In the records below, print each line exactly and leave every image out.

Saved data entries

=-=-=-=-=

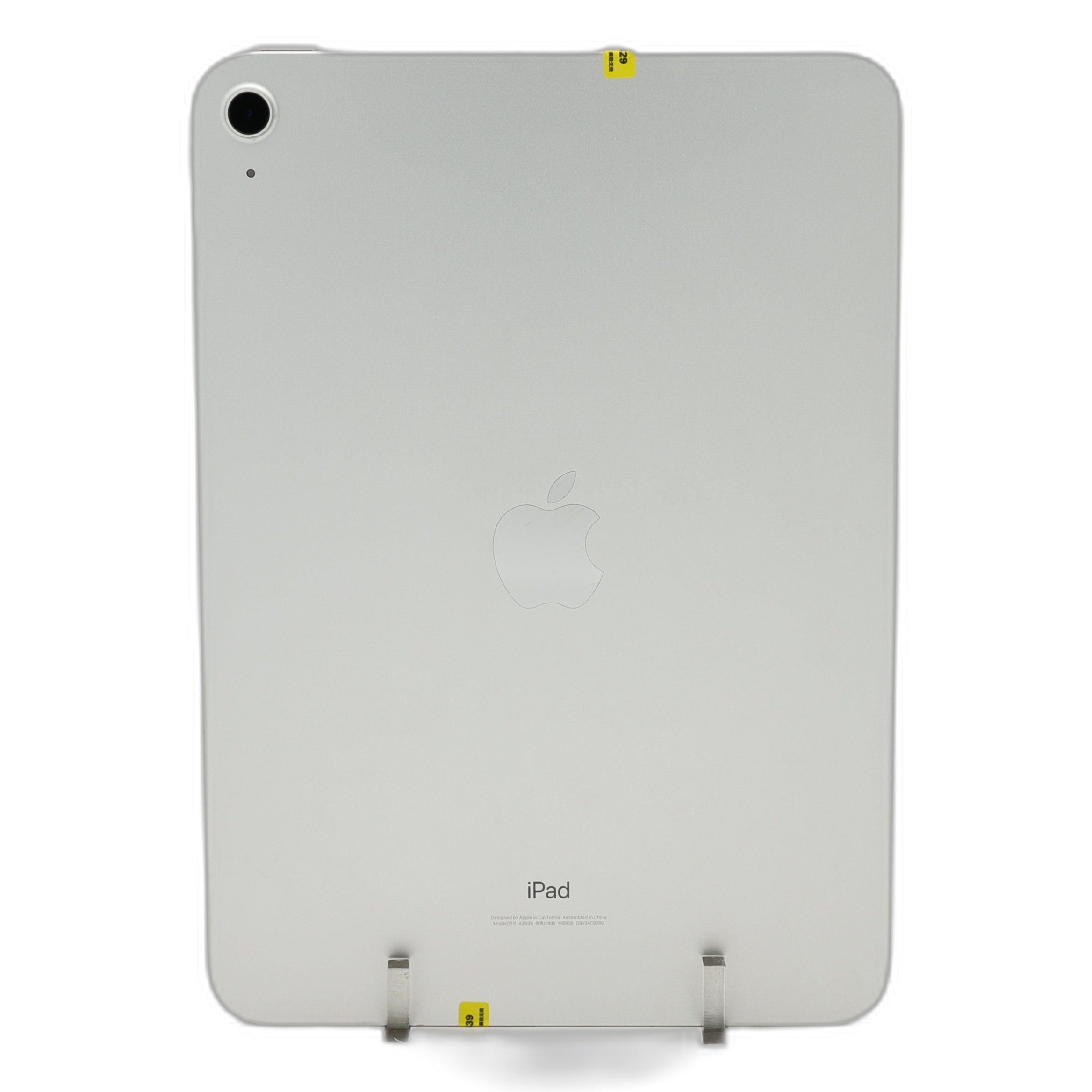 95新 Apple iPad 10代 64G 銀色 WIFI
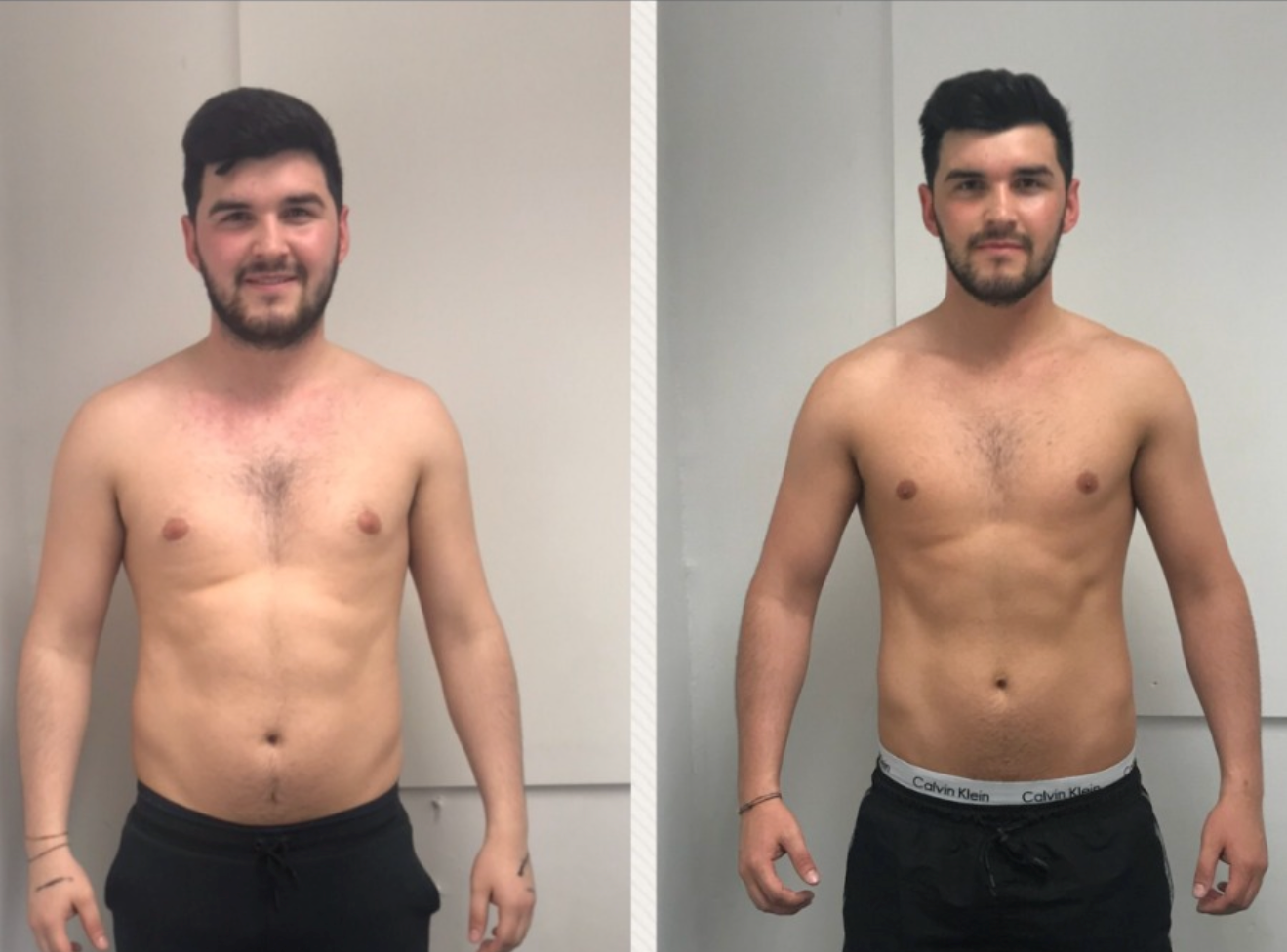 Kevin L. transformation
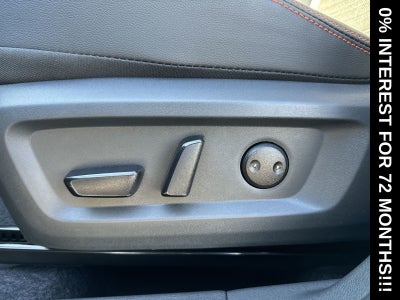 2026 Nissan Rogue Rock Creek Premium Package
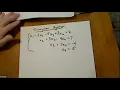 Triangular Systems of Equations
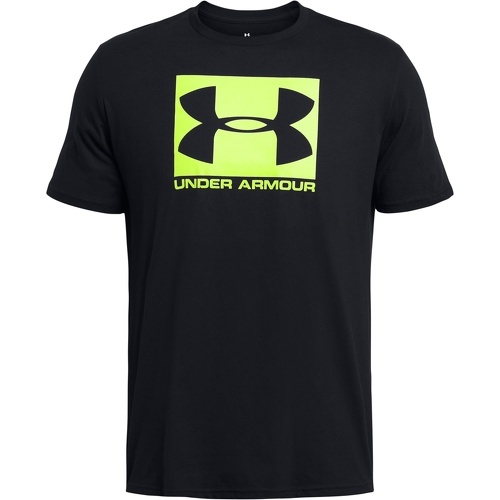 UNDER ARMOUR - T-shirt Boxed Sportstyle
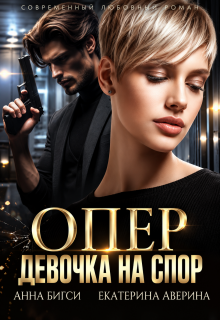 Опер. Девочка на спор / Анна Бигси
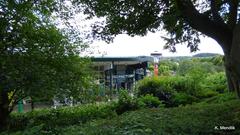 Legoland Windsor Resort panoramic view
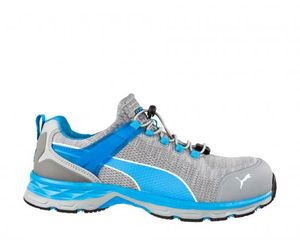 Puma XCITE GREY LOW S1P ESD HRO SRC (643860) - Velikost: 40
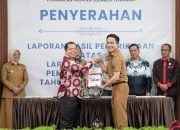 Konawe Utara Kembali Raih WTP Delapan Kali Berturut-turut sejak 2017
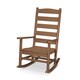 POLYWOOD® Shaker Porch Rocking Chair - Thumbnail 5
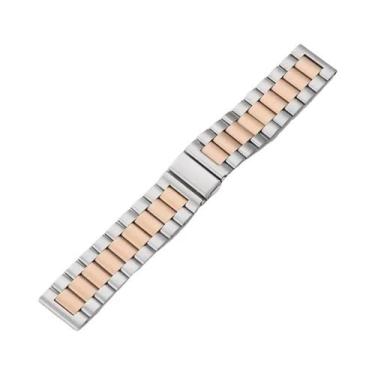 Imagem de Pulseira De Aço Inoxidável De 20mm 22mm Para Redmi Watch 5 Active Lite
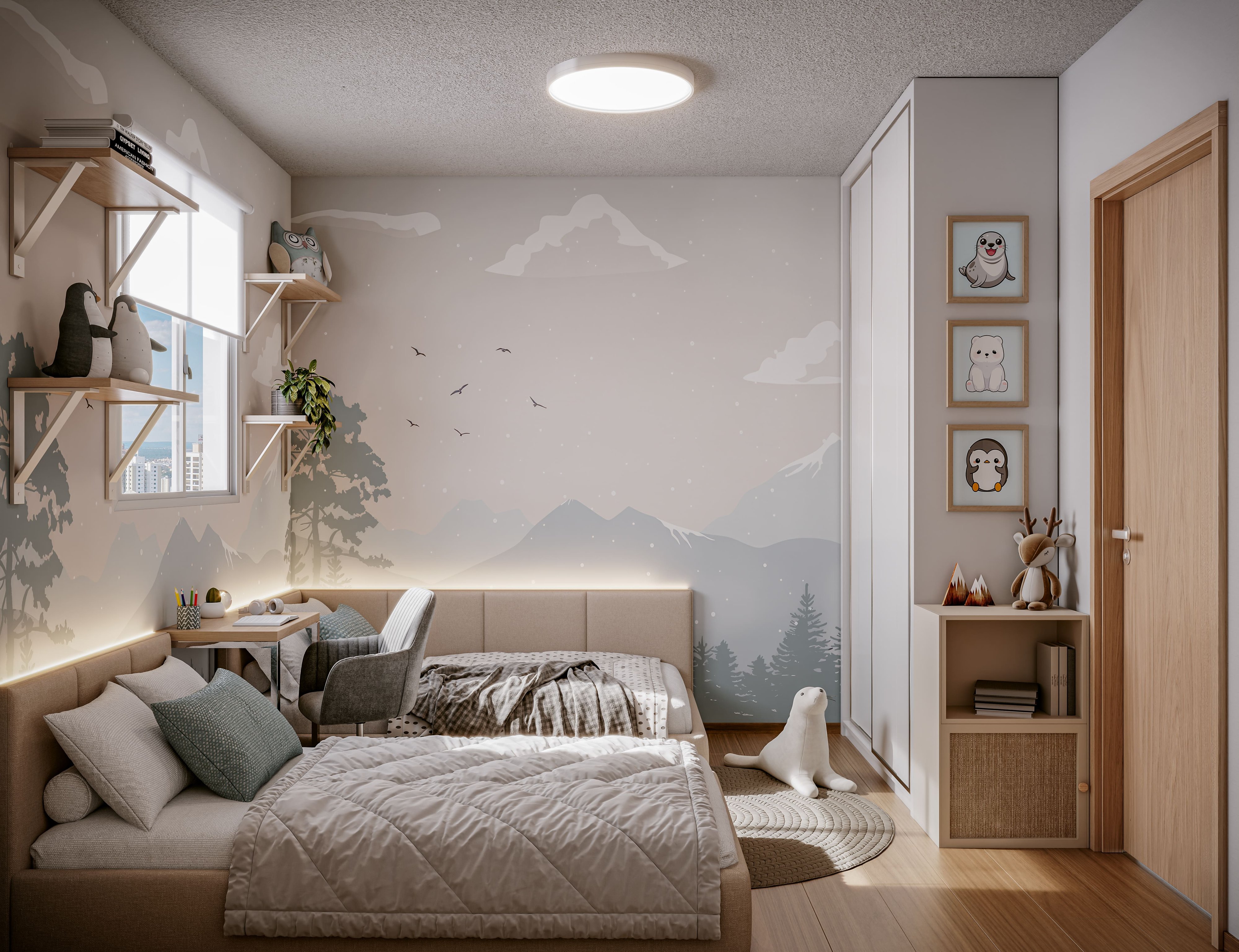 Residencial Bamburgo, foto 7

=-=-=-=-=

__THE COMPLETED TASK__:
 95新 Apple iPad 10代 64G 銀色 WIFI
 Kevin L. transformation
 2026 Nissan Rogue Rock Creek Premium Package
 Triangular Systems of Equations
 UNDER ARMOUR - T-shirt Boxed Sportstyle
 Опер. Девочка на спор / Анна Бигси
 Legoland Windsor Resort panoramic view
 Puma XCITE GREY LOW S1P ESD HRO SRC (643860) - Velikost: 40
 Konawe Utara Kembali Raih WTP Delapan Kali Berturut-turut sejak 2017
 POLYWOOD® Shaker Porch Rocking Chair - Thumbnail 5
 Imagem de Pulseira De Aço Inoxidável De 20mm 22mm Para Redmi Watch 5 Active Lite
 Residencial Bamburgo, foto 7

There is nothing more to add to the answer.